Monday, March 11, 2013

Natural One



I came across this posting on pagan page this morning.  I honestly believe this to be true.  Oddly enough, I also came across this article about complex amino acids and carbon compounds in space indicating that life could be possible elsewhere in the universe. I already knew that from watching all the science documentaries that I do that talk about the metals on rocks.  The postings about the acids though are apparently falsehoods.  Bastards!  I'm not sure how to work into this topic.
I've received some subtle hints from my family about spiritual shows or books or just inspirational emails to read ever since I told my aunt I didn't need any more prayer books.
I began to ponder this idea.  I spend my Sunday in quiet contemplation when I can.  I read blogs from atheists like Greta Christina or pagan and Wicca sites that uplift me.  I also read "This Week in God" from Rachel Maddow's blog as well as at least one posting if not more about the Catholic church's woes in the world as well as the strife caused by other world religions.  I also try to incorporate some science documentaries in the mix.  I really don't need any more to add in especially specifically Catholic or Christian rhetoric. 
I'm not bitter mind you.  I know plenty of bitter Catholics.  I'm more ambivalent on the matter.  It occurs to me as I ruminate on the religion I left behind that I never felt fulfilled in church.  At most I felt annoyed by the noisy and crying children in the pew in front of me.  I didn't enjoy religious studies as a kid.  I remember being horrified by these Bible stories that were animated for kids.  The one about King Herod killing the babies made me so sad as a kid.  The pictures of bloody babies and soldiers slaughtering them filled me with confusion.  What on Earth did a loving God have to do with this story?  It was awful. 

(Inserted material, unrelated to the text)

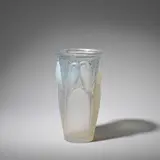 'Ceylan' vase, designed 1924 by René Lalique, Opalescent glass, frosted and polished, sold May 2025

I never connected personally with my faith.  I went through all the sacraments mind you--except Holy Orders and Last Rites for obvious reasons. I have participated in the Anointing of the Sick, which is Last Rites for the modern era.  It just never comforted me the way it seems to comfort others.  I never felt that warmth or need to turn to God in my times of distress.  I never felt the peace that faithful mention feeling in the presence of God.  I recall being in St. Patrick's Cathedral in New York.  I thought it was a magnificent cathedral.  It's huge and beautiful and astounding.  Then there's the gift shop.  I remember being absolutely appalled at that.  I couldn't help but think about Jesus in the marketplace.  
Being in nature is a whole other matter.  I find the woods deeply relaxing.  I find meditating near a river or lake profoundly moving and calming.  I feel at peace when I perform a full moon ritual not because I feel the Lord and Lady's physical presence or the "power" or whatever you want to call it.  I feel a harmony with every living thing in those moments.  Paganism reminds me that we are all connected.  We are all on this planet together for better or for worse. I never once felt that in church.
I hope the emails and subtle hints stop.  I may have to speak up if they don't.  For now though, I will accept and delete.